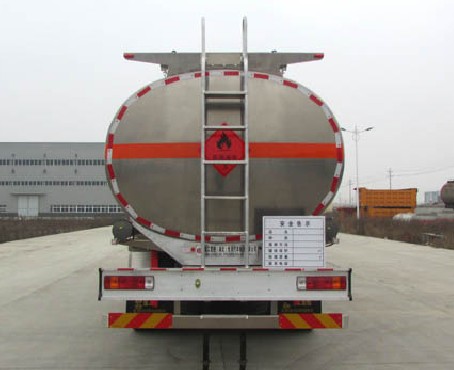 解放J6前四后八鋁合金油罐車圖片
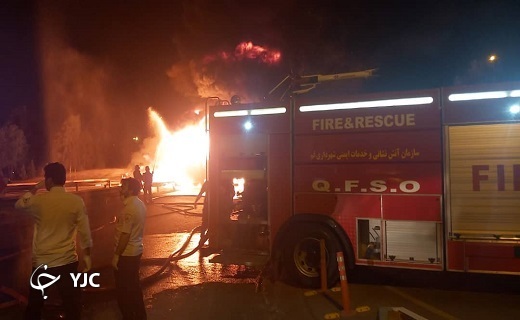 برخورد مرگبار تریلی حامل گازوئیل با خودروهای عبوری در  قم +فیلم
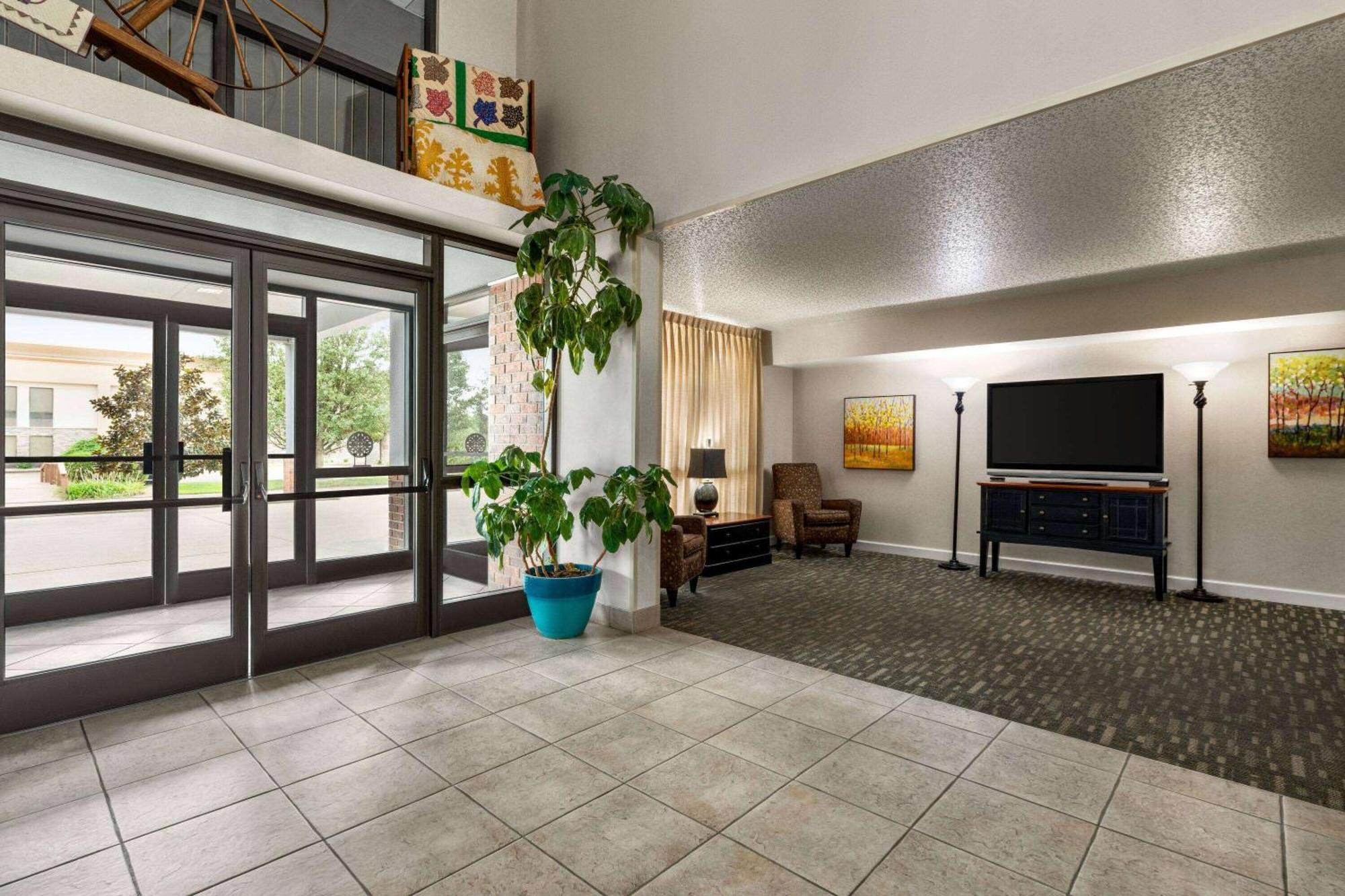 Days Inn by Wyndham Kuttawa/Eddyville Bagian luar foto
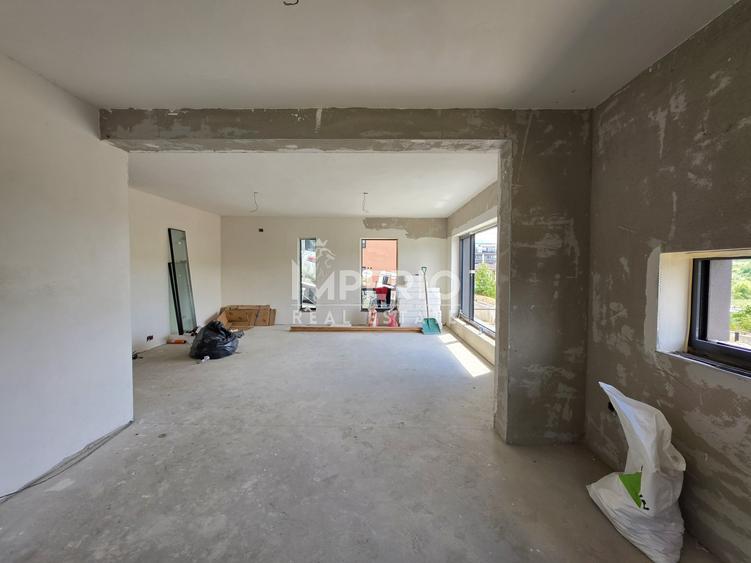Duplex cu 4 camere cu Canalizare în Iris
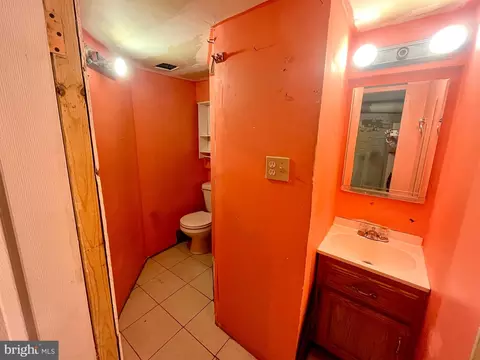 2913 E Monument St, Baltimore, MD 21205 photo 10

Problem details. Down to the last line, set down the data above exactly, and omit all images.

Answer box.
 解放J6前四后八鋁合金油罐車圖片
 برخورد مرگبار تریلی حامل گازوئیل با خودروهای عبوری در  قم +فیلم
 Days Inn by Wyndham Kuttawa/Eddyville Bagian luar foto
Duplex cu 4 camere cu Canalizare în Iris
 2913 E Monument St, Baltimore, MD 21205 photo 10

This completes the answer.